> Stored data
————————

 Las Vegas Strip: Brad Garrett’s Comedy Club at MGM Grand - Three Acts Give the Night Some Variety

————————

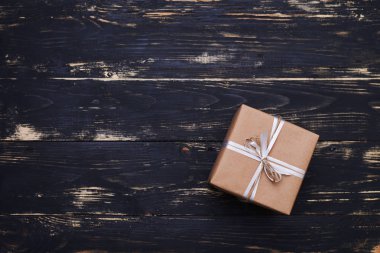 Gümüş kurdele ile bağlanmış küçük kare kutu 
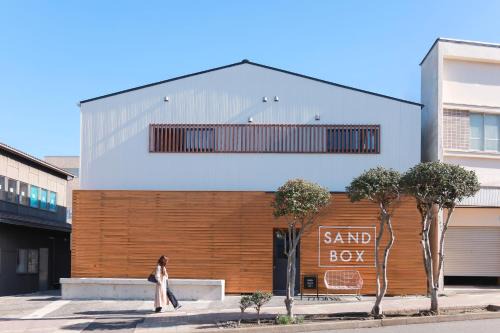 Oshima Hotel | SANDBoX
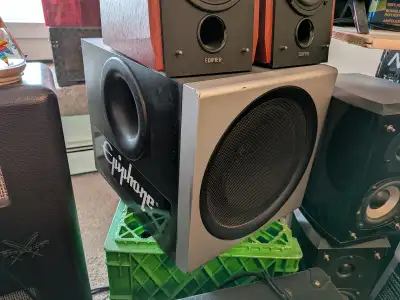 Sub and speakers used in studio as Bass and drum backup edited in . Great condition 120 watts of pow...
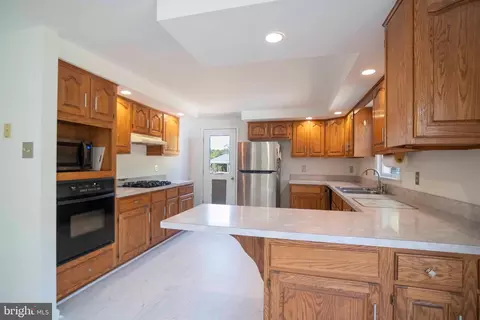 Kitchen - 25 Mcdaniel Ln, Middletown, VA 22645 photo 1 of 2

————————

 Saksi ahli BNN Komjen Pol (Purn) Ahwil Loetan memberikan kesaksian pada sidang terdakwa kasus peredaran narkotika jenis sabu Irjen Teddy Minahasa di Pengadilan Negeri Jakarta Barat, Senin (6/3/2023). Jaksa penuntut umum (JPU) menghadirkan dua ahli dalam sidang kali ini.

————————

> Action item
Only the lines between the one with "Oshima Hotel | SANDBoX" and the one with "Kitchen - 25", those two included, get copied from the material above. Keep it exact and free of pictures.

> Response below
 Oshima Hotel | SANDBoX
 Sub and speakers used in studio as Bass and drum backup edited in . Great condition 120 watts of pow...
 Kitchen - 25 Mcdaniel Ln, Middletown, VA 22645 photo 1 of 2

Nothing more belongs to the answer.